This commit adds support for the instructions VMOVDQU and VMOVDQA, used
to move values to/from 256 bit registers. Unfortunately, the
programmer's manual is very incomplete (if not wrong) about these
instructions, so the logic had to be reverse engineered from how gcc
actually encodes the instruction.

This commit also changes the memory regions from the test to store 256
bits, so its easier to test the instructions and that we're recording
ymm registers correctly.
---
 gdb/i386-tdep.c                               | 49 +++++++++++++++++++
 gdb/testsuite/gdb.reverse/i386-avx-reverse.c  | 42 ++++++++++++++--
 .../gdb.reverse/i386-avx-reverse.exp          | 28 +++++++++++
 3 files changed, 115 insertions(+), 4 deletions(-)

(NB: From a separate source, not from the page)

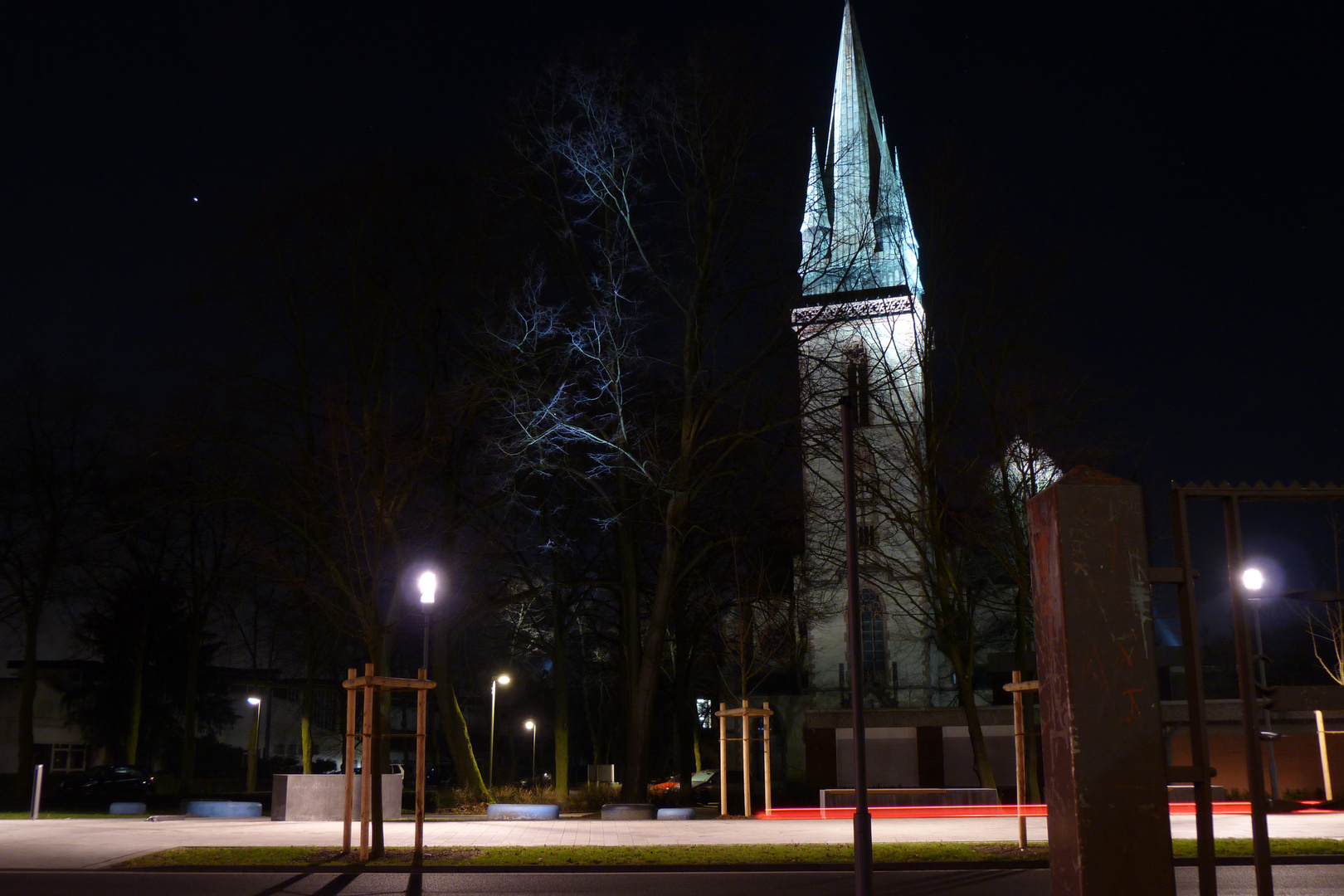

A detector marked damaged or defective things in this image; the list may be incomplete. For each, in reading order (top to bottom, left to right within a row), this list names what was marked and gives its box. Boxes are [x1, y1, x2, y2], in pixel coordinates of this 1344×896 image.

diff --git a/gdb/i386-tdep.c b/gdb/i386-tdep.c
index e4e808cf4b0..6d3b98dc302 100644
--- a/gdb/i386-tdep.c
+++ b/gdb/i386-tdep.c
@@ -5071,6 +5071,55 @@ i386_record_vex (struct i386_record_s *ir, uint8_t vex_w, uint8_t vex_r,
 	}
       break;
 
+    case 0x6f: /* VMOVDQ (U|A)  */
+    case 0x7f: /* VMOVDQ (U|A)  */
+      /* vmovdq instructions have information about source/destination
+	 spread over many places, so this code ended up messier than
+	 I'd like.  */
+      /* The VEX.pp bits identify if the move is aligned or not, but this
+	 doesn't influence the recording so we can ignore it.  */
+      i386_record_modrm (ir);
+      /* The first bit of modrm identifies if both operands of the instruction
+	 are registers (bit = 1) or if one of the operands is memory.  */
+      if (ir->mod & 2)
+	{
+	  if (opcode == 0x6f)
+	    {
+	      /* vex_r will identify the high bit of the destination
+		 register.  Source is identified by ir->rex_b, but that
+		 doesn't matter for recording.  */
+	      record_full_arch_list_add_reg (ir->regcache,
+					     tdep->ymm0_regnum + 8*vex_r + ir->reg);
+	    }
+	  else
+	    {
+	      /* The origin operand is >7 and destination operand is <= 7.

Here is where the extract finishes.